**What you should do**
Using the entries that follow, report the number of lines that include the string "design", without any other text.

● ● ● ● ●

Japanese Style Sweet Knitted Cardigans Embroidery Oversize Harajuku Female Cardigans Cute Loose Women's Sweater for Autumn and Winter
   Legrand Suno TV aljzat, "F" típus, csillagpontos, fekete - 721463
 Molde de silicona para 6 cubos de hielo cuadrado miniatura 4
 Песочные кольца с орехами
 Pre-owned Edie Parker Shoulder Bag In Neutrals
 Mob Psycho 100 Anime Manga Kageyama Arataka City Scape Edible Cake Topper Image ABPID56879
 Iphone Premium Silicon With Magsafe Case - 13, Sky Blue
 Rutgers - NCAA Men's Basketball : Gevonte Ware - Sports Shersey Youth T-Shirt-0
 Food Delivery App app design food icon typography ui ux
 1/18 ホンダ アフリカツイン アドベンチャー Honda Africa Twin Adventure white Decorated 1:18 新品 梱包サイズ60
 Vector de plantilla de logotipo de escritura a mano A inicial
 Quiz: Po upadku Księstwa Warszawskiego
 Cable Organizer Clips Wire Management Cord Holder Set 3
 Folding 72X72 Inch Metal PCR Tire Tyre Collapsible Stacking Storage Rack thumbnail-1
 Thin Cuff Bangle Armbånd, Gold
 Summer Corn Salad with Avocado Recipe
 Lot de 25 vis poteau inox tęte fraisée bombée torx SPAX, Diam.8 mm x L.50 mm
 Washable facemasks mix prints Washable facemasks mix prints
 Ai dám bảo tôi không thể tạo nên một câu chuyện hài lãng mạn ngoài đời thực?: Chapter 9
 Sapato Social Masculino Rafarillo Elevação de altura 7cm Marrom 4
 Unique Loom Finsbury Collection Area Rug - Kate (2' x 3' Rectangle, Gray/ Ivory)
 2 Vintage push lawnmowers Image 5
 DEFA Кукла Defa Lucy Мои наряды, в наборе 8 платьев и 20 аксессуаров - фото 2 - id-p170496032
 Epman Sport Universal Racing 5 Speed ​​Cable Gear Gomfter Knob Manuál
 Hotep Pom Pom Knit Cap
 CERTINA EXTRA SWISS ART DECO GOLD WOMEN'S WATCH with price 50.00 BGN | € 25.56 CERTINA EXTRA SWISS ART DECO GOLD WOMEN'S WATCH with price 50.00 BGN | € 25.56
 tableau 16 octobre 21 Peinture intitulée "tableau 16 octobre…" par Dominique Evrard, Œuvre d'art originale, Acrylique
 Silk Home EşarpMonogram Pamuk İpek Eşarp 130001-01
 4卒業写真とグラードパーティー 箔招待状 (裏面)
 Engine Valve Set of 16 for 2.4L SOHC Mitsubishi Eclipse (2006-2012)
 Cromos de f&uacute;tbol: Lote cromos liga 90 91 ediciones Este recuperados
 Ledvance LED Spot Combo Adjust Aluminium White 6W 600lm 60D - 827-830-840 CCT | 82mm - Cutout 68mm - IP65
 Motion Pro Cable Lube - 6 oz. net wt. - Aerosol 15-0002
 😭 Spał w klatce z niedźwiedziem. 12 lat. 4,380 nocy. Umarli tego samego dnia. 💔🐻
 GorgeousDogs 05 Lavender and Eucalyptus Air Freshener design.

● ● ● ● ●

**Written reply**
2